Phase one of the development plan will address a low-case volume outcome of less than 59 BCF of gas and 1.2 million barrels of condensate and will provide energy to the Kimberley through a small-footprint, scalable liquefied natural gas (LNG) supply stream. Gas and condensate will travel through underground pipes from Rafael to a mini-LNG plant before being trucked to Broome and regional communities for power generation.

If, as a result of appraisal drilling, Rafael’s volumes prove to be between 400 and 800 BCF, Buru will select concepts that involve the completion of phase one, in addition to the production of blue methanol and/or ammonia products as part of phase two. Management says it will construct a CCS-supported plant that will produce between 0.5 and 1 million tonnes per annum of blue methanol and be fed by gas from some five to 10 appraisal wells in Rafael.

To address Rafael’s high-side contingent resource volume case of more than 1000 BCF of gas and 20 million barrels of condensate, the company will complete its phase-one plan, in addition to producing LNG for export through a small-scale, permanently-moored floating facility in King Sound. The facility is planned with a capacity of about 1.6 million tonnes per annum of LNG and will be fed by up to 12 appraisal wells to be drilled and completed within Rafael.

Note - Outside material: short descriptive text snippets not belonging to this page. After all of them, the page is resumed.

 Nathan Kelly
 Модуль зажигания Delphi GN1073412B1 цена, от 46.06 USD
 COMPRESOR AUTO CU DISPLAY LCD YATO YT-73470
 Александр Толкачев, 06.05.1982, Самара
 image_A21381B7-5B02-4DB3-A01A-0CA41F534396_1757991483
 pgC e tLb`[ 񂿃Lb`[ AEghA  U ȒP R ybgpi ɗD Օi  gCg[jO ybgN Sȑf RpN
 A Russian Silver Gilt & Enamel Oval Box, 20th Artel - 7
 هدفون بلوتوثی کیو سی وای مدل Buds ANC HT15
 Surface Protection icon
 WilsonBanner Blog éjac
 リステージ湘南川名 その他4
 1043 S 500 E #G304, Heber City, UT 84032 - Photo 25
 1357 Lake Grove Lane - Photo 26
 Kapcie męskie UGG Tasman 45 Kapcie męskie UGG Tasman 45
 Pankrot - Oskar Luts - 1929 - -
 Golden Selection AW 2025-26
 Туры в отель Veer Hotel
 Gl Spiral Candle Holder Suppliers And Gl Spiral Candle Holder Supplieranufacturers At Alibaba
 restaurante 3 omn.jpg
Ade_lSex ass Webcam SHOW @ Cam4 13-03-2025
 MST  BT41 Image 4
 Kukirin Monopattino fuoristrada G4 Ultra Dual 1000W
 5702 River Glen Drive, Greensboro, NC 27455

In addition to the subsurface technical requirements outlined by the SRMS, companies must also be entitled to store the gas. Buru management has its collective finger on the pulse of WA’s incoming CCS legislation, due before the end of this year, which will provide the required framework for the award of greenhouse gas exploration titles, retention leases and injection licences.

Last week, the Cook Government announced a $134 million funding package to create jobs and reduce greenhouse gas emissions. Of that, $60 million in funding will be allocated through the State’s Investment Attraction Fund, which aims to support CCS projects alongside other critical mineral and renewable energy initiatives.

Buru says it will be vigorously pursuing Geovault’s participation in the fund.